The need for speed

Drag racing teenager hopes to someday become a professional

Published: Friday, May 20 2005 12:00 a.m. MDT

Pettry talks to one of her competitors, Brandon Lynch, at Rocky Mountain Raceway in July 2004. Pettry's racing idols are Shirley Muldowney and Gary Densham.

Michael Brandy, Deseret Morning News

She's not old enough yet, but Syracuse's Jaycee Pettry is making a good start toward a career as a professional drag racer, just like her idols Shirley Muldowney and Gary Densham.

Last year, Pettry won the championship for the junior dragster minor division class at West Valley's Rocky Mountain Raceway, and hopes to win another one this year as she competes in the major division. But, she's content where she is right now, following in the footsteps of her dad Vaughn, himself a former drag racer at RMR, and hoping for bigger things, such as racing in the National Hot Rod Association's top fuel class.

"I have Shirley Muldowney's signature on my old racing jacket," says Pettry of the longtime drag racer who was the first woman to win three national titles in the NHRA's top fuel dragster division.

Besides Muldowney, the Davis County teenager also has NHRA Top Fuel Funny Car driver Densham's autograph on her current jacket and hopes to get favorite driver Larry Dixon's signature sometime in the future. Dixon, like Muldowney before him, races in NHRA's Top Fuel Dragster division and won the 2002 national championship, a feat Pettry hopes to emulate someday.

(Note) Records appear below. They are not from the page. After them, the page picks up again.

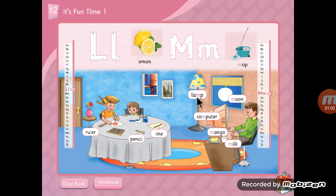Lamp, lamp, lamp. Moon, moon, moon. Computer, computer, computer. Mango, mango, mango. Milk, milk, milk.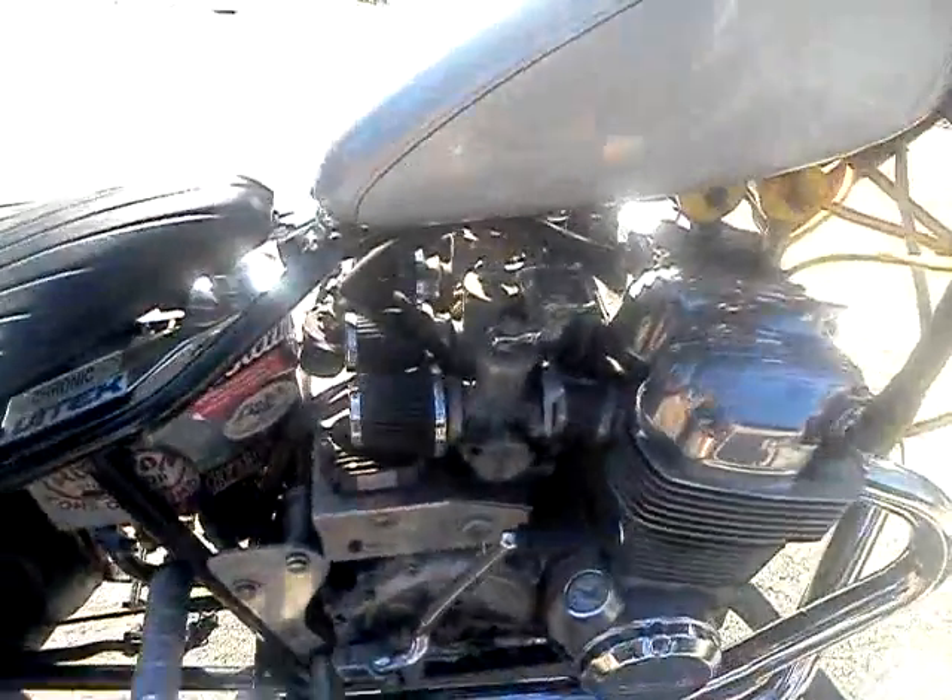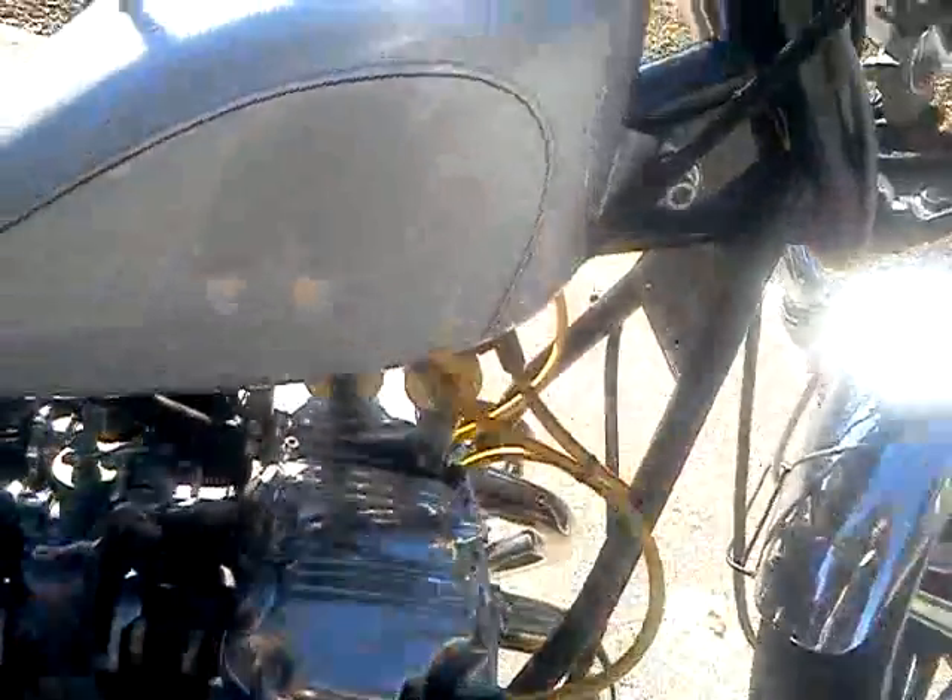It's got a little pad to save your frame, all powder coated. It's a little dusty but you can see it's still nice — there's no chips anywhere, good tires.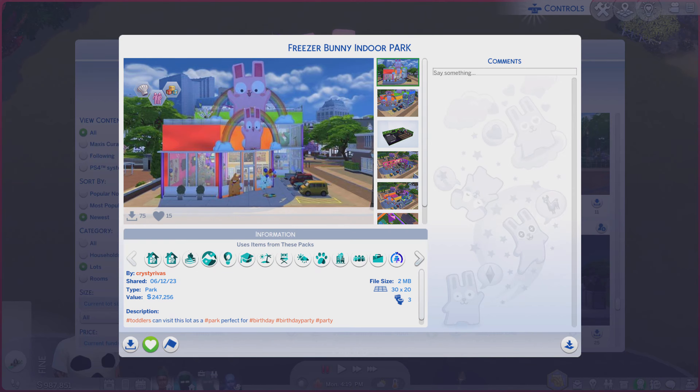Greetings! I am Harry Larry from Gary and this is episode 1974 of The Sims 4 Gallery Lots. This particular lot is called the Freezer Bunny Indoor Park. It is a 130 by 20 lot type park.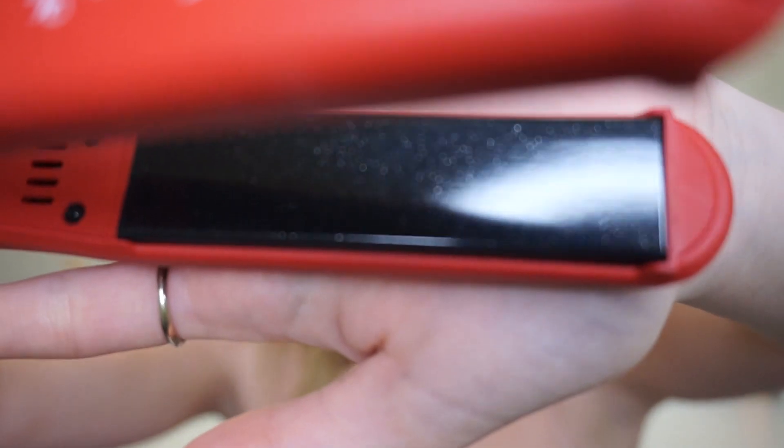When I first unboxed it I thought the red colour was really really cute, and these actually have crushed diamond particles in them, which is pretty cool — hence why it's called the Diamond. They also have a little thumb rest, so when you're straightening your hair there's a little thumb holder, which I think is really cool as well.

Currently, Pettry stands third in points in RMR, just 20 behind leader Casey Ostler of Lehi. Last year, she got more points than 20 others in her class to win her first title in eight years of racing, which started at the tender age of 9 when her father bought her first dragster.

"I just got more used to my car and I got better reaction times," Pettry said of last year's championship run, which erased several years of doing no better than third in overall points.

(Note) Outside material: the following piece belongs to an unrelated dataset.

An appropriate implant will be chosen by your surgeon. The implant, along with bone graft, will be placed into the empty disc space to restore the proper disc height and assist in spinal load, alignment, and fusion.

Besides her dad, Pettry is the only member of the family to race at RMR, despite her being the youngest of 13 children in an extended family that includes seven siblings and five stepbrothers and stepsisters.

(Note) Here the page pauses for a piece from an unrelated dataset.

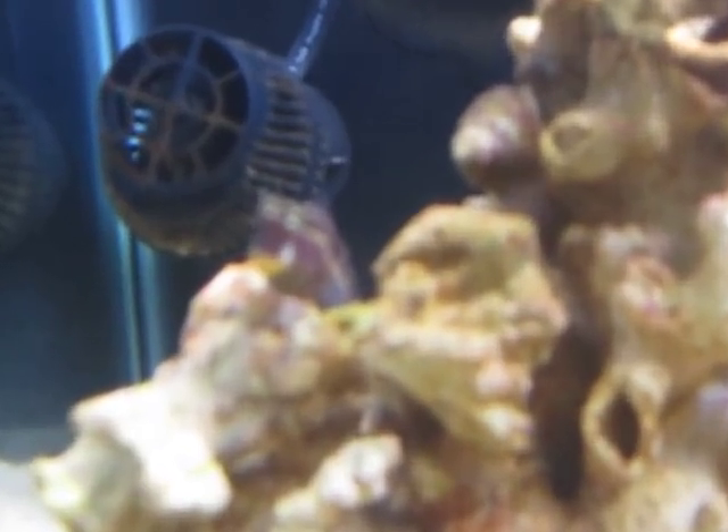It's also my sand-sifting star — another guy I'm not real familiar with. Somebody kind of gave him to me. It's kind of awesome in there. My little Lawnmower Blenny — he's my boy. Very cool fish, one of the coolest fish I've ever had.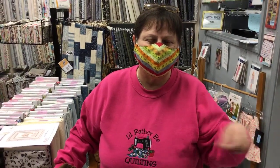Hello, we're back at Always in Stitches in Noblesville, Indiana. You know who it is — Dawn, of course. And I'm here to revisit a fabric collection that I showed last week or sometime in the past.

"If people want to have a lot of fun with their kids, this the way to go," says Vaughn Pettry, who acts as crew chief, main sponsor and engine builder for his daughter's 2003 J&D built dragster.

"This is her last year running juniors," he added.

Next year, the family hopes to make the jump into either Super Comp dragsters or motorcycles. With the first option, almost all of their current dragster's parts except the body and the engine move up along with Pettry. For a power plant, the elder Pettry plans to replace his daughter's current five horsepower Briggs and Stratton clone with a much larger 460 cubic inch Chevrolet racing motor, one that should get her down the track a lot faster than her current quick time of 8.12 seconds at 82 mph in the 1/8 mile.

Like most drivers her age, Pettry's dragster has to grow with her, and she's on her third one this year. And the cost is not as cheap as some may think. According to her dad, the new car cost approximately $8,500 to build, including a $5,000 motor that "should last two years" and a new clutch.

According to Pat Pettry, Jaycee's mom, the teenage driver even helped put her new ride together for the upcoming season.

"She helped her dad put the motor in," says Pat Pettry, adding that the dragster's nickname is "Chatterbox" because "she never shuts up."

Pettry also raced on May 13 in the Summit ET Series.